Sabemos que hay distintas venidas del
Señor, y todas tienen su preparación y su anuncio con señales, pero lo
importante es que: ¡Viene el Señor! Para el discernimiento de las señales precursoras
se necesita la vigilancia del amor, que se abre a la misión del testimonio de
la misericordia y alcanza la salvación. El fuego del Espíritu, en efecto,
impulsa a los fieles, que no permanecen inactivos aguardando la venida del
Señor, sino en su seguimiento, que se caracteriza en ellos por el testimonio de
Jesús, (Ap 12, 17) enseñando a todos la luz de la justicia, que los hará
brillar como astros por toda la eternidad (Dn 12, 3).
Cada generación está llamada a enfrentar
este acontecimiento en la medida que le corresponde; “pero cuando El Hijo del hombre venga ¿encontrará la fe sobre la
tierra? Velad y orad para que no caigáis en tentación.

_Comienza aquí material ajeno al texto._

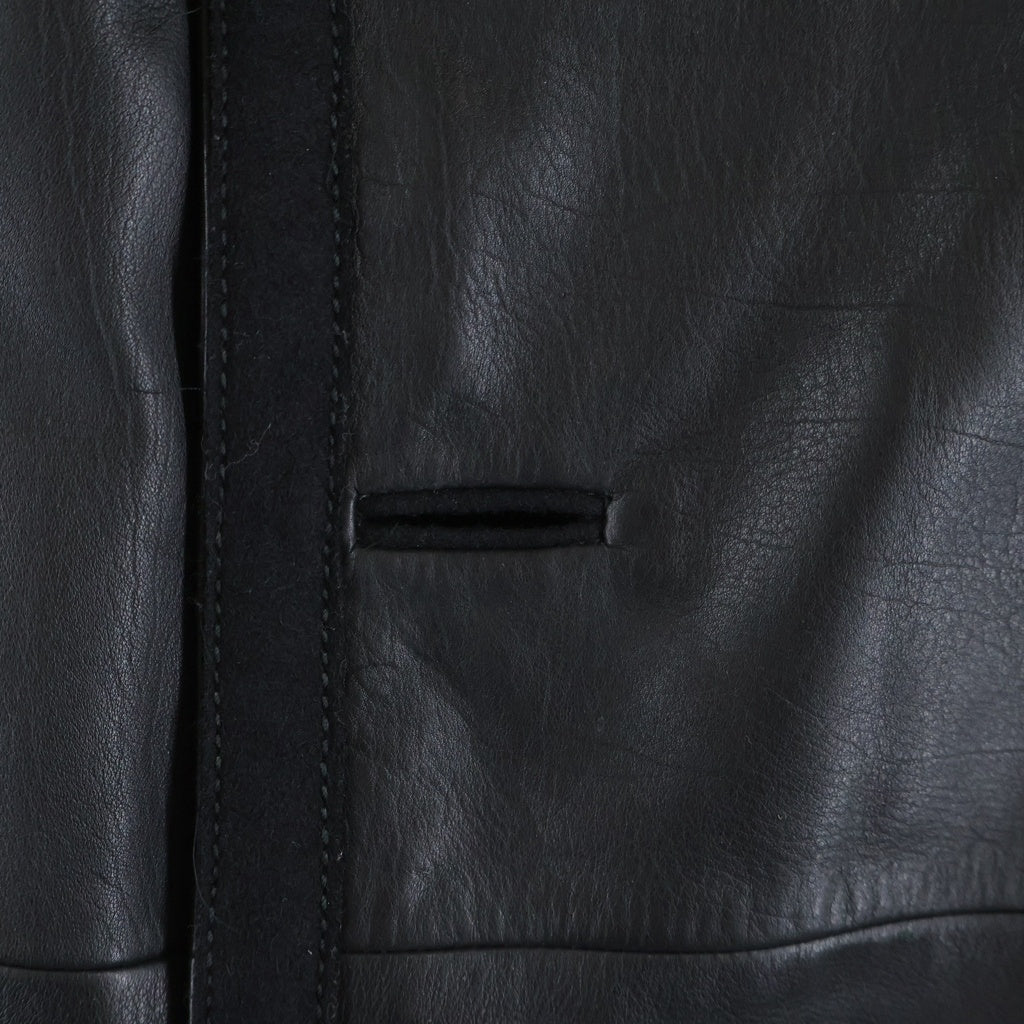 LOUIS VUITTON(ルイヴィトン) ライダースジャケット レザージャケット ブラック #52 RM062M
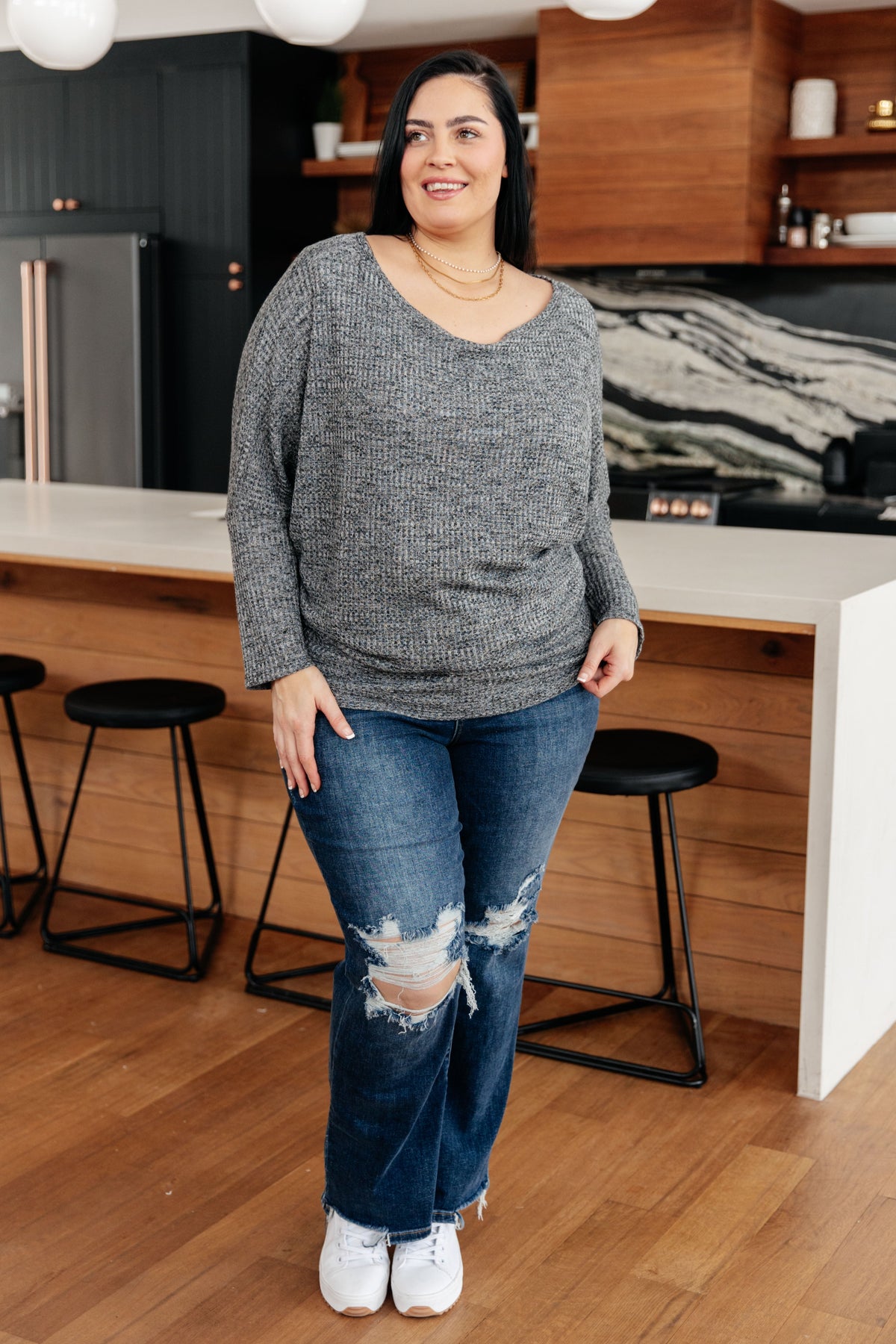 Warm Thoughts Ribbed Top in Charcoal - Charming Charlie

Cristo se entregó para vencer al
diablo, que será sometido definitivamente en su advenimiento, “cuando todos sus enemigos sean puestos bajo
sus pies”, como dice la Carta a los Hebreos; entonces “sus elegidos”, los justos, serán reunidos junto a él para siempre.

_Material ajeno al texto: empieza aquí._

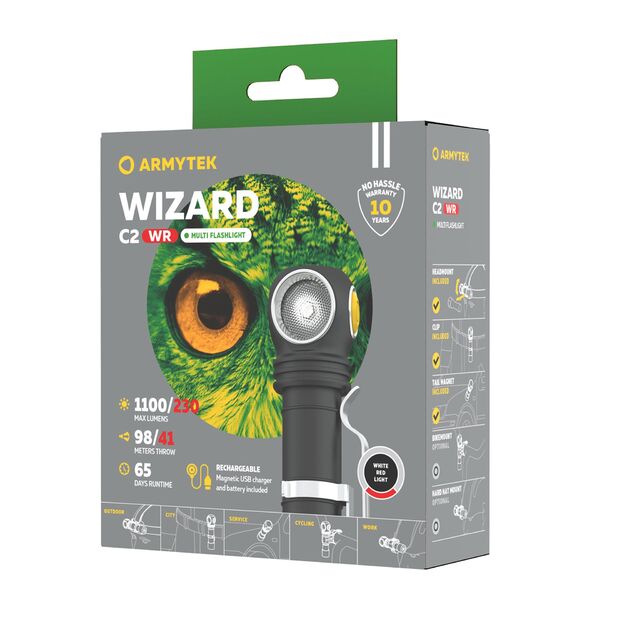 Armytek Wizard C2 WR žibintuvėlis, USB, balta ir raudona šviesos F06901C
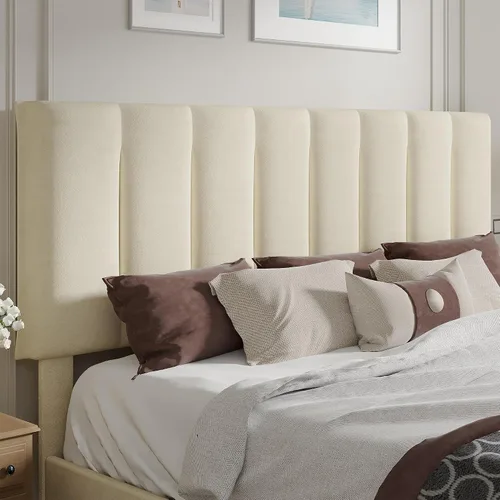 Vista 5 de VECELO Base de cama tamaño King con cabecera tapizada, color beige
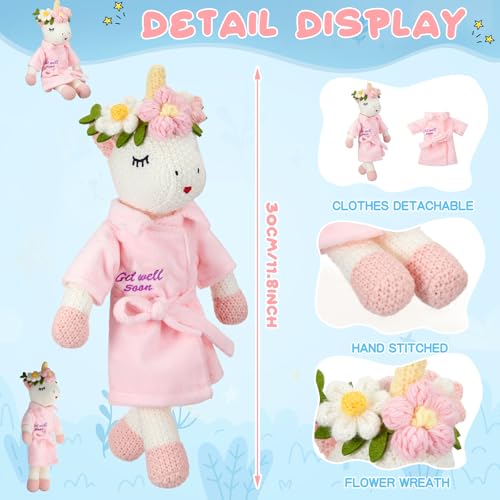 Leitee Get Well Soon Gift for Girls 118 Inch Small Unicorn Stuffed Animal Plush Doll Dressed in Bathrobe with Message Get Well Soon Cute Unicorn Plush Gift for Patient After Surgery Home Decoration - Image 5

Es cierto que Cristo vino a llamar a los pecadores (cf. Mt 9, 13), porque sólo
los justos serán “elegidos” como dice san Pablo: “Muchos son los llamados y pocos los elegidos”. “¡No os engañéis! Ni
impuros, ni idólatras, ni adúlteros, ni afeminados, ni homosexuales, ni
ladrones, ni avaros, ni borrachos, ni ultrajadores, ni explotadores heredarán
el Reino de Dios. Y tales fuisteis algunos de vosotros. Pero habéis sido
lavados, habéis sido santificados, habéis sido justificados en el nombre del
Señor Jesucristo y en el Espíritu de nuestro Dios (1Co 6, 9-11); a los que
llamó, a ésos también los justificó; a los que justificó, a ésos también los
glorificó” (Rm 8, 30).
Este, es pues, un tiempo de espera
para la conversión de los pecadores, y tiempo de oración para “sus elegidos, que están clamando a él día y
noche” como en la parábola de la viuda importuna (Lc 18, 1-8). Tiempo de
misericordia y de paciencia de Dios, “año de gracia del Señor” que, quiere que
todos los hombres se salven, y también de paciencia, en la esperanza de la
promesa, para los justos, a los que se “hará
justicia pronto”, cuando venga el Señor.
Este final es en realidad el comienzo
de la vida dichosa, ante la cual todo es preparatorio e insignificante, porque
pasará la figura de este mundo: “en un instante, en un pestañear de ojos”.
Que la Eucaristía que ahora nos
congrega en torno a la entrega de Cristo, nos una y nos disponga para acogerlo
en el don total de su Parusía.
Proclamemos juntos nuestra fe.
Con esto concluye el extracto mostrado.